Hong-Gah Museum
- Established: 25 October 1999; 26 years ago
- Location: Beitou, Taipei, Taiwan
- Coordinates: 25°07′31″N 121°29′57″E﻿ / ﻿25.12528°N 121.49917°E
- Type: museum
- Owner: Chiu Tsai-hsing
- Website: Official website

= Hong-Gah Museum =

Museum in Beitou, Taipei, Taiwan

The Hong-Gah Museum (鳳甲美術館 (凤甲美术馆, Hōng-kah Bí-su̍t-koán, Fèngjiǎ Měishùguǎn)) or Feng-jia Museum is a museum in Beitou District, Taipei, Taiwan.

The Hong-Gah Museum was formally opened to the public in 1999. With exhibitions, campaigns, inter-disciplinary performances, and so forth, the museum provides an art appreciation venue of quality as well as sows seeds of art for the local community.
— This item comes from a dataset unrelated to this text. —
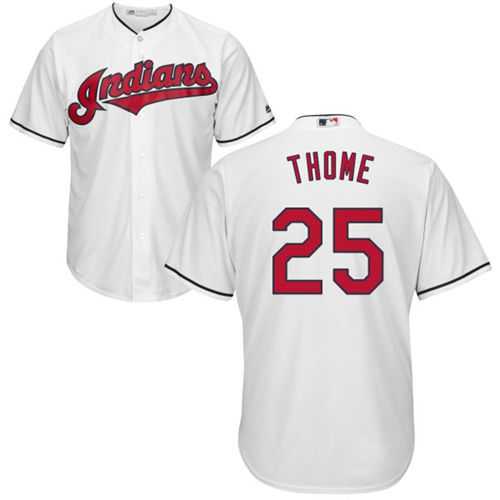 Cleveland Indians #25 Jim Thome White New Cool Base Stitched MLB Jersey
Having opened for more than 20 years, the museum received its membership as one of the Local Cultural Museums of the Ministry of Culture in 2003. The museum has been recognized many times with "Arts & Business Awards" and "Taipei Culture Award".

==History==
The Hong-Gah Museum was opened on 25 October 1999 under Chew's Culture Foundation, which was founded in 1991. In its initial establishment, it served as a venue for the presentation of original Taiwanese music by the holding of two annual events, the "Euterpe: Spring & Autumn." many years of careful cultivation and hard work earned praises from every sector in the society. The Hong-Gah Museum has long been devoting itself to educational courses and lectures to promote aesthetic education in the community. On top of that, it serves as a platform for the showcase of contemporary art via regular themed events such as the biennial "Taiwan International Video Art Exhibition" and solo exhibitions of artists from home and abroad.
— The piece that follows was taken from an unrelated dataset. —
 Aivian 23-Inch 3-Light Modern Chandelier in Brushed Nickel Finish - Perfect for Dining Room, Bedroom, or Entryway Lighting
The Hong-Gah Museum expects itself to be the starting point of profound art cultivation, through the promotion of community culture, elevating the spiritual life of the public and ultimately demonstrating local community's cultural landscape in warmth and of humanity.

== Chronicles ==
1999 Hong-Gah Museum officially opened to the public on October 25.
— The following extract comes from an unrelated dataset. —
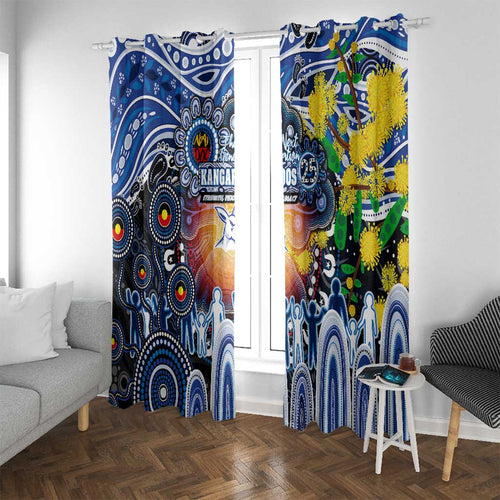 NAIDOC Week 2025 Kangaroos Football Window Curtain Aboriginal Dot Painting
2003 Became an official member of the Local Cultural Museums of the Council of Cultural Affairs.

2004 Co-founded "Vision and Beyond – Techno Art Creation Project" with the National Culture and Arts Foundation.

2008 Relocated to its current location on the 11th floor of the Huan-Yu Trade Building.

2008 Established the Taiwan International Video Art Exhibition.

2010 Co-organized the "Curator's Incubator Program @ Hong-Gah Museum" with the National Culture and Arts Foundation.

2010 Held artist Chou Yu-Cheng's solo exhibition "TOA Lighting" which won the Annual Visual Arts Award of the 9th Taishin Visual Arts Award.

2012 "Dwelling Place?! Eattopia:" combined the first two Taiwan International Video Art Exhibitions and toured to the Kaohsiung Museum of Fine Arts and various colleges and universities.

2014 Collaborated with the Beitou Culture Foundation to launch a community engagement art project.

2014 Won the 18th Taipei Culture Awards.

2016 Held artist Hsu Chia-Wei's solo exhibition "Huai Mo Village" which won the Grand Prize of the 15th Taishin Arts Awards.

2019 Held artist Chen I-Hsuen's solo exhibition "Commissioned" which won the Visual Arts Award of the 18th Taishin Visual Arts Awards.

2020 Collaborated with the Taiwan Contemporary Culture Lab (C-LAB) to present the 7th Taiwan International Video Art Exhibition "ANIMA" for the first time in a dual exhibition space formats.

2021 Mr. Andrew Chew, the founder of the Hong-Gah Museum, was awarded the Taiwanese Cultural Collaboration Medal by the Ministry of Culture.

2022 Held "The Ocean and the interpreters" curated by Takamori Nobuo which won the Visual Arts Award of the 21th Taishin Visual Arts Awards.

==Transportation==
The museum is accessible within walking distance West from Qiyan Station (Red line) of the Taipei Metro.